How to identify opportunities for improvement and enable corrections before the product is at risk.
The electronics manufacturing community is facing unprecedented challenges in 2021. Component supply and product demand are completely out of sync in many industries. Material constraints and transportation shortages are stretching lead-times even on committed orders. An economy flush with stimulus money and pent-up demand for products not available during much of 2020 has eliminated the ability of original equipment manufacturers (OEMs) to plan based on historical trends. In the middle is the EMS provider that sees material arriving later than planned, while at the same time experiencing unplanned increases in order volumes on many programs. Lean Six Sigma provides production teams the tools they need to identify issues, analyze potential improvements and implement changes that help keep production flowing on time even with changing production inputs.

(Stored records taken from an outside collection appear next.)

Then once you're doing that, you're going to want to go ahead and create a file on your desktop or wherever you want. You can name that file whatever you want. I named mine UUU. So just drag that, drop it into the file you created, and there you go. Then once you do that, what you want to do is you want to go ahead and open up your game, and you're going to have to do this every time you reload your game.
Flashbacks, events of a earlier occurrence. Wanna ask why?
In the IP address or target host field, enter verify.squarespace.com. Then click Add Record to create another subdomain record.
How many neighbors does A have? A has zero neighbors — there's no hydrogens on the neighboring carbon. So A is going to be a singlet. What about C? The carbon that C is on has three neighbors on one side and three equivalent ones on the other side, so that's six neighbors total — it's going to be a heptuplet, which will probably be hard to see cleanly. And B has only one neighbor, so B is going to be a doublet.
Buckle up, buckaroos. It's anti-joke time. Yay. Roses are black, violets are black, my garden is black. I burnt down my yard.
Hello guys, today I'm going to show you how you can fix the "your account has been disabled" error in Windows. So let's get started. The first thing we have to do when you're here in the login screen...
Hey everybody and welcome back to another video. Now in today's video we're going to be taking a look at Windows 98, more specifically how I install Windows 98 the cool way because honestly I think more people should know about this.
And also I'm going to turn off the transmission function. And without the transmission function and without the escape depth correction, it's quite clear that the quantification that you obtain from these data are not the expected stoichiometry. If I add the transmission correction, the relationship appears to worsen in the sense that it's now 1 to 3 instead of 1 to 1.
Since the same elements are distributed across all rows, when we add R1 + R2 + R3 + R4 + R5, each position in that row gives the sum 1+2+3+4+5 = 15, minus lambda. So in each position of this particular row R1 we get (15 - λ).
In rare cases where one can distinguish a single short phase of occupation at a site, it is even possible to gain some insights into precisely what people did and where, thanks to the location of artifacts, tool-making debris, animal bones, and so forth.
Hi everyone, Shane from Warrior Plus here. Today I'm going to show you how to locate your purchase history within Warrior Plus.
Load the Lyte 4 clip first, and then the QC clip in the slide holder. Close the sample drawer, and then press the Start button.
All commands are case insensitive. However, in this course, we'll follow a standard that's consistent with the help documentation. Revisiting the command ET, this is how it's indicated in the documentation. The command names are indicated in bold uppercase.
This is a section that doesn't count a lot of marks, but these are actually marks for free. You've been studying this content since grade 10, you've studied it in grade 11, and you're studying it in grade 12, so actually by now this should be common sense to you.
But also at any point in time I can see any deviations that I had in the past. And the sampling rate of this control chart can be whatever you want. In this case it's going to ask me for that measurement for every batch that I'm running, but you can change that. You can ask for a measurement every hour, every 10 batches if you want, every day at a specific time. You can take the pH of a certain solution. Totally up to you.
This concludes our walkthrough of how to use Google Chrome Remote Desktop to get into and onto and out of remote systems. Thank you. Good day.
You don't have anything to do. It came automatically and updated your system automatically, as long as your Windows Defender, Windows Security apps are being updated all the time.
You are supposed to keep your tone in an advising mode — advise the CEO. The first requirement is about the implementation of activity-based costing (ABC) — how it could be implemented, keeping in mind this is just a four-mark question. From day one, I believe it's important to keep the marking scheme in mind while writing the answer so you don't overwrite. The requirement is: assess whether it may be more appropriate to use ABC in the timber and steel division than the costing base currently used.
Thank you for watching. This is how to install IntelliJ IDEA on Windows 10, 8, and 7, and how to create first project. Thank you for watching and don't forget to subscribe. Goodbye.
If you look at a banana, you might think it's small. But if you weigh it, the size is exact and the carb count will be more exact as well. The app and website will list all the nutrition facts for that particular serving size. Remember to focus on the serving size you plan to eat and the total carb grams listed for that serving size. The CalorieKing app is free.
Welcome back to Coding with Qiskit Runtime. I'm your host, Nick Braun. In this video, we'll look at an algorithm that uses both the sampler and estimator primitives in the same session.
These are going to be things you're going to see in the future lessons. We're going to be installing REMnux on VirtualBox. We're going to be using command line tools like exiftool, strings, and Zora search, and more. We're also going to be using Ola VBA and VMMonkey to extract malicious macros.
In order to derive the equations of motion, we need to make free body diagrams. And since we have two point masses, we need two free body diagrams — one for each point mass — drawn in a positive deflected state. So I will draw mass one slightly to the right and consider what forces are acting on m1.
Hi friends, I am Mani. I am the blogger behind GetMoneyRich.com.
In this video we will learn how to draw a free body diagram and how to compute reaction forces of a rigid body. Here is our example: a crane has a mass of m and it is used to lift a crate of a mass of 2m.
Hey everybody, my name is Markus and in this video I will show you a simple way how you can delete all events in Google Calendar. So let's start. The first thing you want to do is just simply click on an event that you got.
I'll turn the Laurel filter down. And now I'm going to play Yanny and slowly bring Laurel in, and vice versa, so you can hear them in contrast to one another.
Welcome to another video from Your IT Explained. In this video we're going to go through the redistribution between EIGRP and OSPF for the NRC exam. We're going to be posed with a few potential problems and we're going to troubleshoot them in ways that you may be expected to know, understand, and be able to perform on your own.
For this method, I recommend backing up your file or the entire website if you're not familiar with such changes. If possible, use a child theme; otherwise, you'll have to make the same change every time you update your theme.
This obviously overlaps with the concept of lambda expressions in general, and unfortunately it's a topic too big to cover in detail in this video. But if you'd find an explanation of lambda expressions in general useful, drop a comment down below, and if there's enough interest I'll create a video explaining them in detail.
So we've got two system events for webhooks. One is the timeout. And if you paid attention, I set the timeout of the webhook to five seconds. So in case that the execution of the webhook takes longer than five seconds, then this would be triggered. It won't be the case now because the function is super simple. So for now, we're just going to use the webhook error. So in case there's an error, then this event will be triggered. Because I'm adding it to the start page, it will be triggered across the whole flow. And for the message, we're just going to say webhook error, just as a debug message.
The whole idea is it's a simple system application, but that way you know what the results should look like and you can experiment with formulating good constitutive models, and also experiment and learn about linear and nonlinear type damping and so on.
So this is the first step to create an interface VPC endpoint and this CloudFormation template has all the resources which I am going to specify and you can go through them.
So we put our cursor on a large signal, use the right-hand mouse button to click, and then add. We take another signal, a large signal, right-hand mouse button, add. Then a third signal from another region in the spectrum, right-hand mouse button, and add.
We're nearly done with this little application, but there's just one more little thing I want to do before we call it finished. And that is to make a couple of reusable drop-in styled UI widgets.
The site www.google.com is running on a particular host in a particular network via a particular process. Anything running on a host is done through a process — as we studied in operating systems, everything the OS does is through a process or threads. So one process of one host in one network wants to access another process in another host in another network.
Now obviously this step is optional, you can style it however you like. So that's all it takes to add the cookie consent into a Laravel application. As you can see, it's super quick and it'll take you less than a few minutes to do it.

SigmaTron International’s Tijuana, Mexico, facility utilizes teams of Lean Six Sigma Green and Yellow Belts in its continuous improvement activities. They use a variety of core tools in that process.
One tool is the Gemba Walk. The term Gemba comes from the Japanese word for “the real place.” Taichi Ohno, a Toyota engineer and leader, is often credited with developing the concept of the Gemba Walk or the idea that leaders should regularly and frequently be present to observe the work of their organization when and where it takes place.